The Clean Water Blueprint requires decreased pollution to local creeks, rivers, and the bay. State and local governments have committed to achieve specific, measurable reductions. The states agreed to complete the job by 2025.

Pennsylvania continues to be far short of its goals, mostly as a result of falling behind in addressing pollution from agriculture.

But Pennsylvania’s farmers are facing tough economic times and can’t implement the necessary practices on their own. The Commonwealth must join Maryland and Virginia to fund proven clean water initiatives to help farmers. If the state legislature does not, EPA must hold Pennsylvania accountable.

Now is the time for Pennsylvania’s elected leaders to invest in practices, places, and partnerships that will bring the plan into reality. Investing in nature-based efforts, like strategically placed trees alongside streams and streets, rotational grazing, and farm field cover crops, will result in more productive farms, vibrant communities, healthy streams, and a saved bay.

William C. Baker
CBF President

Left Behind

Dear editor:

Our Federal Reserve chairman should walk through the department stores and restaurants and interview the people working for $10 an hour or less. That is where a large part of youth and retired people work.

I did just that, focusing on some of the small towns that have suffered grave demise from their heydays.
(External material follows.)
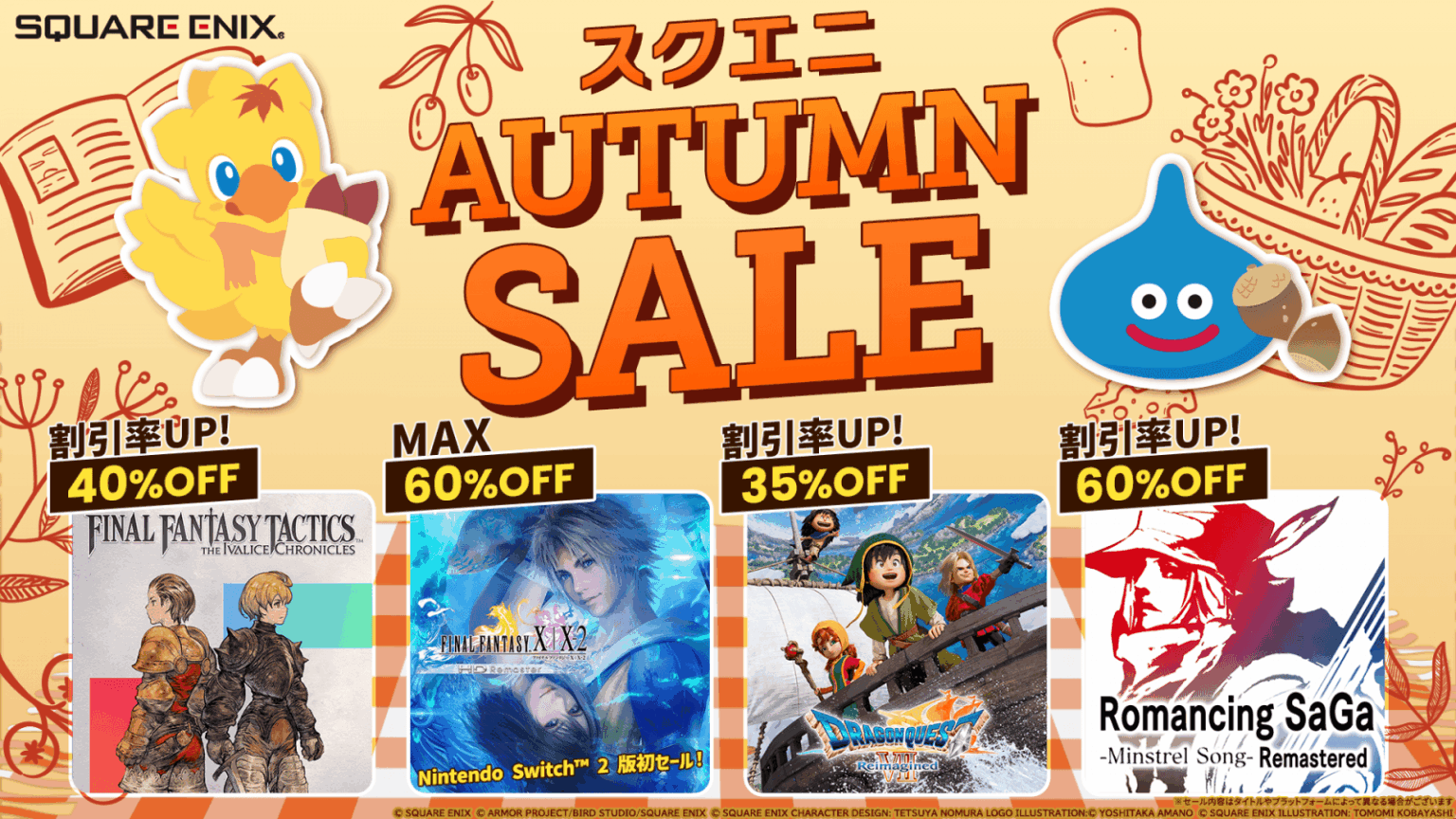 【まだ間に合う！】Switch 2版『FFX/X-2 HD Remaster』が初セールに登場——「スクエニ AUTUMN SALE」が開催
And, I also included in my query whether these people had benefited from the federal tax cut. None did.

A majority of people are not doing anything but living from paycheck to paycheck in this purported “booming economy.” If the Federal Reserve continues to hike interest rates, not only will it kill the markets, but it will injure the spirit of our struggling majority.

There is the Dow, and then there is the dire reality of so many people of this country.

We all know who will benefit the most: the banking sector and the very wealthy who benefited from the tax cuts.